Suhu kota-kota di Indonesia terbilang tinggi pada masa pancaroba ini. Data Accu Weather mencatat, suhu terasa hingga 37 derajat Celsius di Jakarta dan 44 derajat Celsius di Semarang pada siang-sore hari, Jumat (9/5).
Suhu tinggi pada masa pancaroba memang sesuatu yang normal. Namun, Climate Data World Bank menunjukkan bahwa suhu Indonesia secara rata-rata mengalami peningkatan dalam kurun waktu 100 tahun terakhir.
Kepala Pusat Perubahan Iklim dan Kualitas Udara, Badan Meteorologi, Klimatologi, dan Geofisika, Edvin Aldrian dan pakar meteorologi Institut Teknologi Bandung, Zadrach Ledoufij Dupe, mengatakan bahwa manusia berkontribusi pada peningkatan suhu tersebut.
Climate Data World Bank mengungkap bahwa suhu terendah sepanjang tahun rata-rata antara tahun 1900 - 1930 adalah 24,6 derajat celsius. Sementara, suhu tertinggi sepanjang tahun rata-rata adalah 25,4 derajat celsius.
Temperatur terus mengalami peningkatan. Dalam kurun waktu antara 1960 - 1990, suhu terendah rata-rata adalah 25,4 derajat celsius, sementara suhu tertinggi rata-rata adalah 26,2 derajat celsius.
Antara tahun 1990-2009, suhu terendah rata-rata mencapai 25,9 derajat Celsius. Suhu tertinggi rata-rata mencapai 26,5 derajat Celsius. Temperatur terendah dalam kurun waktu itu melebihi temperatur tertinggi antara tahun 1900 - 1930.
"Peningkatan suhu paling terasa di kota-kota besar. Wilayah Jakarta Utara dan Jakarta Pusat adalah salah satu yang mengalami peningkatan besar," ungkap Edvin saat dihubungi Kompas.com, hari Jumat (9/5).
Edvin mengungkapkan, BMKG melakukan pemantauan suhu minimum harian (mencatat suhu sekitar pukul 03.00 dini hari) dan suhu maksimum harian (mencatat suhu sekitar pukul 14.00 - 15.00) selama beberapa dekade.
"Suhu minimum meningkat cepat, sementara suhu maksimum lebih lambat.

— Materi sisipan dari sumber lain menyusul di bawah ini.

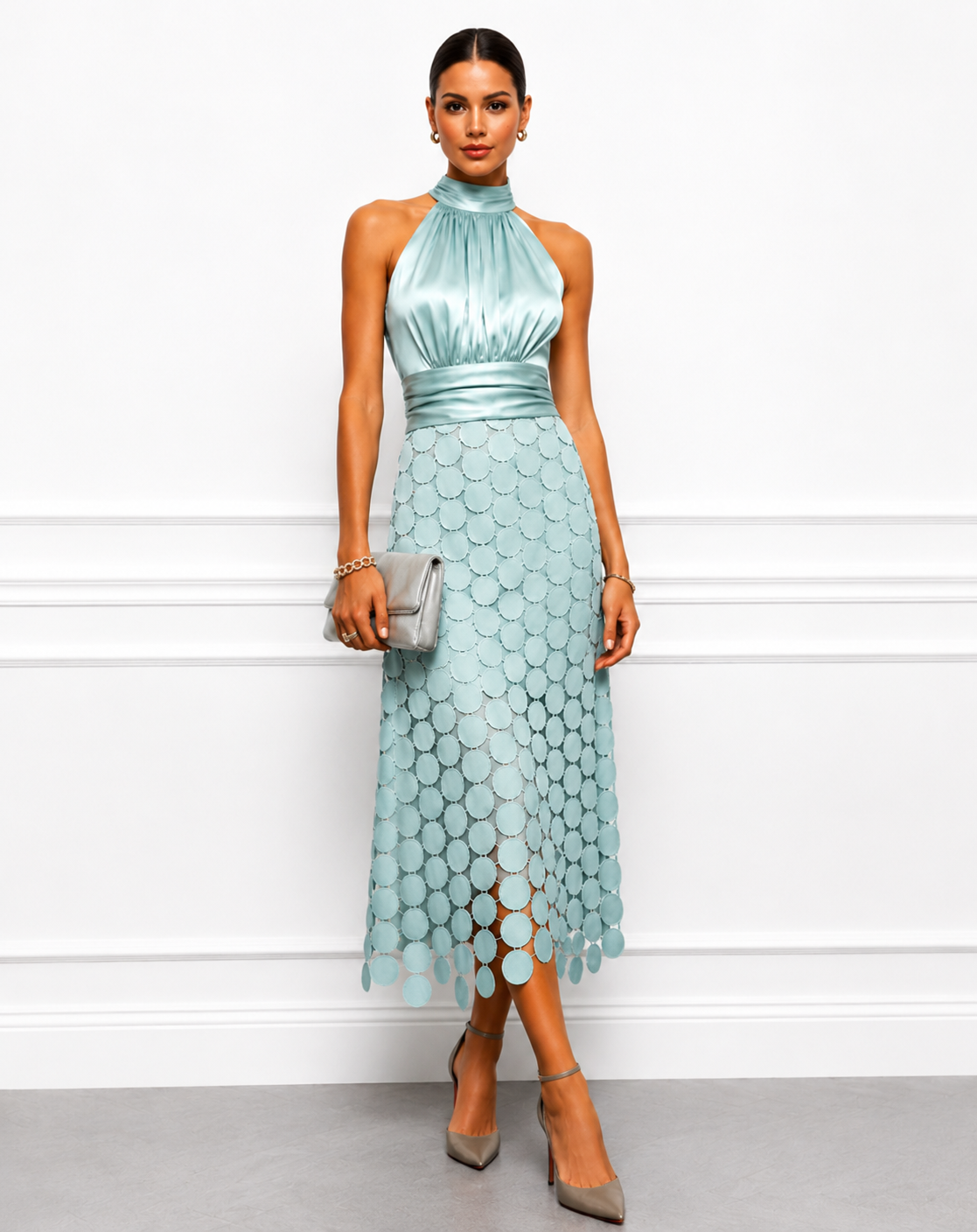 Vestido Irene midi de gala con escote halter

Akibat peningkatan ini, perbedaan suhu minimum dan maksimum semakin kecil. Ini memengaruhi fenomena angin darat dan angin laut sehingga turut berkontribusi pada panas yang dirasakan," urainya.

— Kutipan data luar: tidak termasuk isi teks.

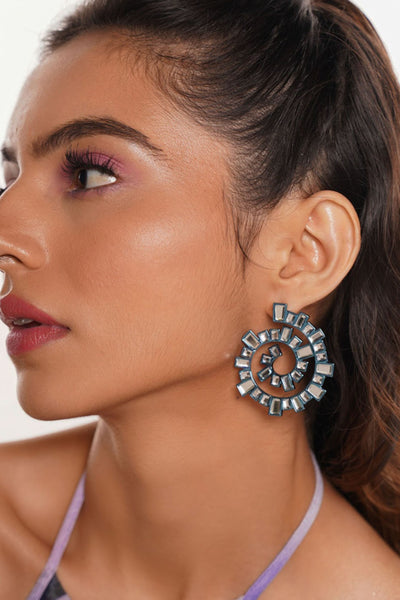 Isharya Aqua Blue Spiral Earrings In Colored Plating jewellery indian designer wear online shopping melange singapore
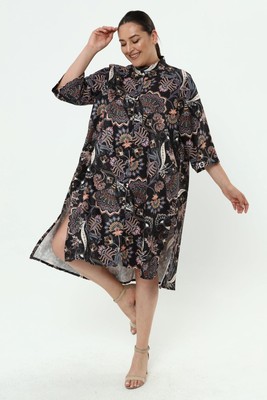 MÄDCHENGLÜCK JACQUARD VISKOSE KLEID/ TUNIKA IN A-FORM VON MÄDCHENGLÜCK IN SCHWARZ MUSTER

Zadrach mengatakan, peningkatan suhu juga menunjukkan bahwa pemanasan global dan perubahan iklim memang terjadi, berdampak di wilayah Indonesia dan tak terbantahkan lagi. Dan, manusia berkontribusi pada terjadinya hal tersebut.

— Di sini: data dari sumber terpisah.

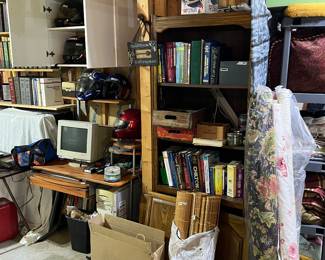 Books; vintage manuals; vintage computers; bookshelves; fabric - indoor, outdoor, and vintage
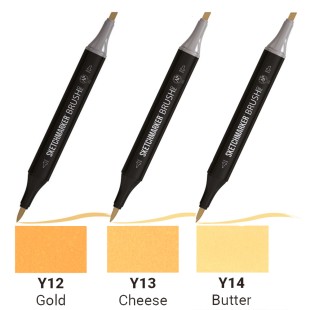 Комплект маркеров Sketchmarker "Brush" 3 оттенка (Y12, Y13, Y14)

"Tahun 1900, populasi Indonesia masih sedikit, kendaraan bermotor belum ada. Sekarang, populasi sangat besar, Jawa saja sudah 100 juta. Kebutuhan juga bertambah, kendaraan bertambah," kata Zadrach.
Iklim dipengaruhi oleh faktor hidrosfer, biosfer, atmosfer, dan geologi. Dalam kurun waktu 100 tahun belakangan, manusia Indonesia melakukan perubahan besar-besaran pada faktor-faktor tersebut.
"Kita mendirikan industri dan memakai kendaraan, melepaskan emisi, membuat atmosfer berubah. Kita membuka hutan, menambang, membuat permukaan bumi dan biosfer berubah. Sungai dibendung, waduk diurug, hidrosfer berubah," jelas Zadrach. "Iklim kita memang berubah dan manusia berperan dalam perubahan itu," ungkap Zadrach. Panas di kota besar, banjir, anomali cuaca merupakan beberapa wujud perubahan iklim di mana manusia ikut memacunya.
Apakah kemudian kita bisa mengembalikan kondisi? Zadrach mengungkapkan, "bisa." Caranya adalah meminimalkan aktivitas yang menghasilkan sesautu yang bisa mengubah faktor-faktor iklim.
"Kita harus kendalikan populasi. Program keluarga berencana itu menjadi penting. Kalau manusia bertambah, kebutuhannya juga terus bertambah, dan itu menekan lingkungan. Jangan lagi membuka hutan. Hutan, sawah, dan sungai harus dilestarikan," katanya.